優秀賞に選ばれた津久見高の後藤教諭(右)と在校生ら=津久見高
【津久見】津久見市の津久見高卒業生が考案した就職支援アプリケーションが、第3回日本ノーコード大賞の優秀賞に選ばれた。全国の自治体や企業のDX(デジタルトランスフォーメーション)推進にかかる取り組みを表彰するもので、教育機関の受賞は初めて。
大賞はノーコード推進協会(東京都)の主催。ノーコードは、専門的なプログラミング知識がなくても、アプリを簡単に作成できるシステム。書類整理やスケジュール管理といった業務を効率化する目的で活用されている。
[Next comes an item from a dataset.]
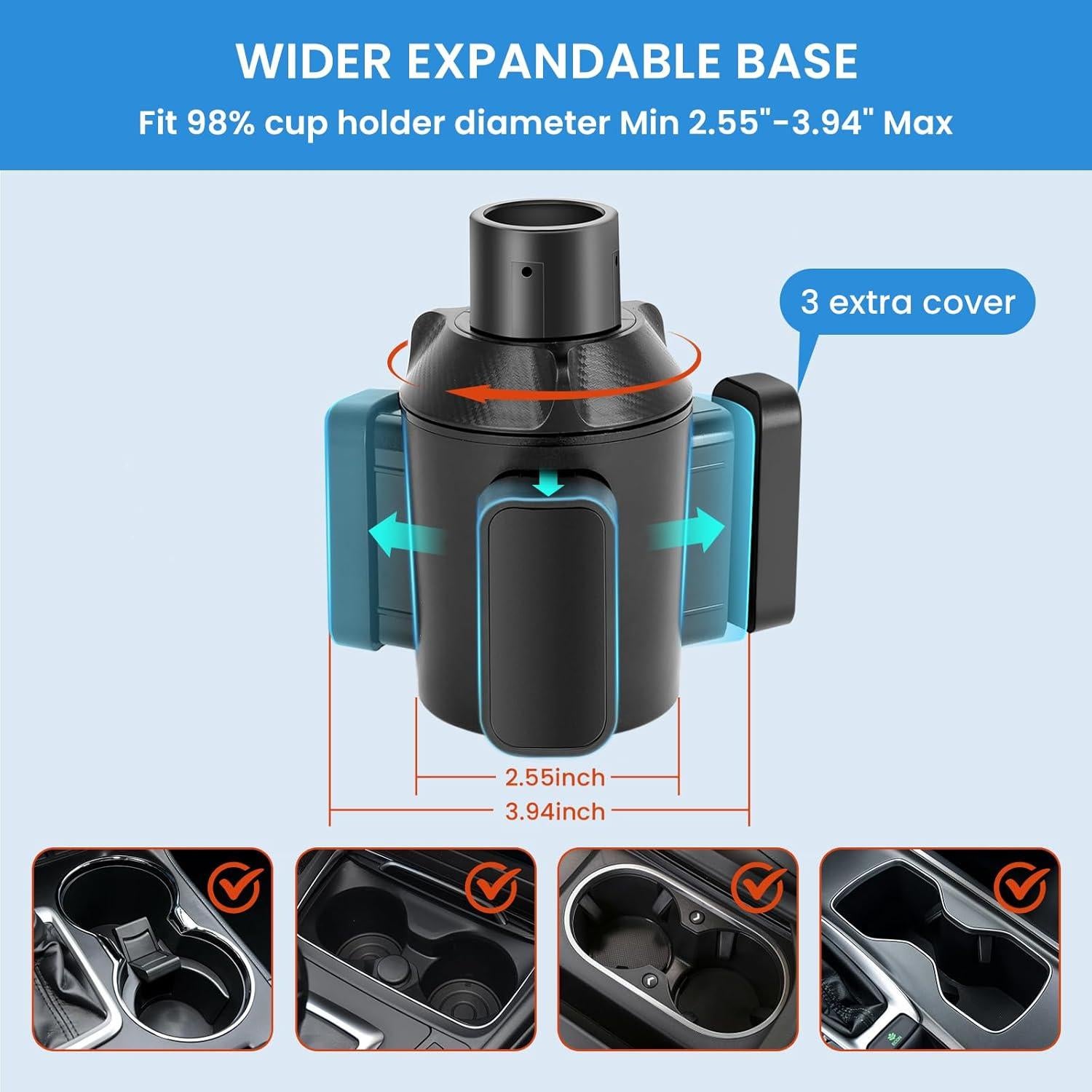 Expansor de Portavasos para Coche Octomo Ajustable 2.5 a 14 cm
今年3月に卒業した生産機械科の男子生徒4人が、在学中に課題研究で取り組んだ。木や金属を使ったものづくりをテーマにする同級生が多い中、後輩たちの進路選択に役立つものを作りたいとの思いで、アプリ開発に挑戦。IT企業「インターパーク」(本社・札幌市)の社員がサポートした。
アプリ名は「津高Works」。卒業生の進路先情報が一覧で表示される。就職が決まった生徒が企業概要や試験内容を登録してデータを蓄積し、同高の後輩や教員限定で閲覧可能にする。「先輩の志望動機なども見ることができ、とても参考になる」と、現3年生から好評という。
7月中旬に東京都で表彰式があり、同科主任の後藤孝一郎教諭が出席。就職ミスマッチの課題解決を目指した点や、「後輩のために」という制作の背景が評価された。
後藤教諭は「ノーコードツールは低コストで導入でき、教育モデルとして再現性が高い。アプリを後輩に引き継いでいくとともに、他校への共有、企業とのマッチング支援などに波及できれば」と話した。
制作者の一人、入江佳大さん(19)は受賞の報告を受け、「サポートしてくれた先生や企業の方、一緒に活動したメンバーに感謝したい。行き詰まって苦労した時もあったが、完成した時の達成感は高校生活最高の思い出」と喜んだ。